I have to assume that the intention of Mother and Father’s Day was to give us pause and force us to consider what makes our parents special and unique; how grateful we should feel about having been entrusted into their care. Sadly, not all parents are worth celebrating and the fact that they gave you life and put up with you for X number of years isn’t enough to warrant tribute. We need to stop making people think that they deserve recognition for a role they volunteered to do, especially if they didn’t take the time to do it correctly. I see so many parents neglect their kids to later demand a present and praise because they put it the minimum that was required at great personal cost. The weird thing is the cost they paid was the happiness and emotional safety of their child. No one should be forced to take care of a parent that did nothing to deserve it. Be grateful if you have parents that did their job well, and make sure you are not judging their efforts incorrectly to avoid having to take care of them. There are more good ones that bad ones out there.

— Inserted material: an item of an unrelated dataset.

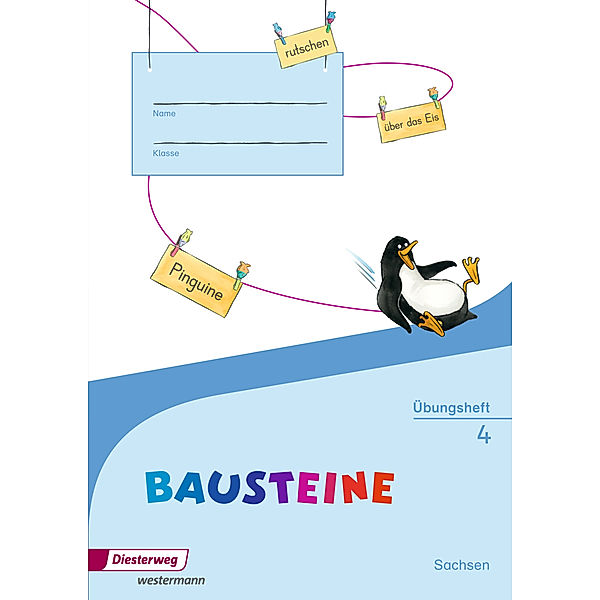 Bausteine Sprachbuch - Ausgabe 2016 für Sachsen, Ines Hölzel, Kathrin Jäger, Manja Stordel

No marketing campaign could ever sell me the perfect thank you to my parents. From what they tell me, the joy of raising a happy child is a rewards on its own. My parents highly treasure the memories of the smiles and laughter of their children, the memories of seeing us discover things for the first time. These are very hard items to buy off the shelf, and I can’t thank them enough for loving me with their open hearts and minds, for not putting barriers in my development and inspiring me to reach new heights for women everywhere. I did my best to honor them by being a dutiful daughter, an excellent student, and a wonderful sister which to them was worth more than any small trinket of appreciation attached to a card that I could give them.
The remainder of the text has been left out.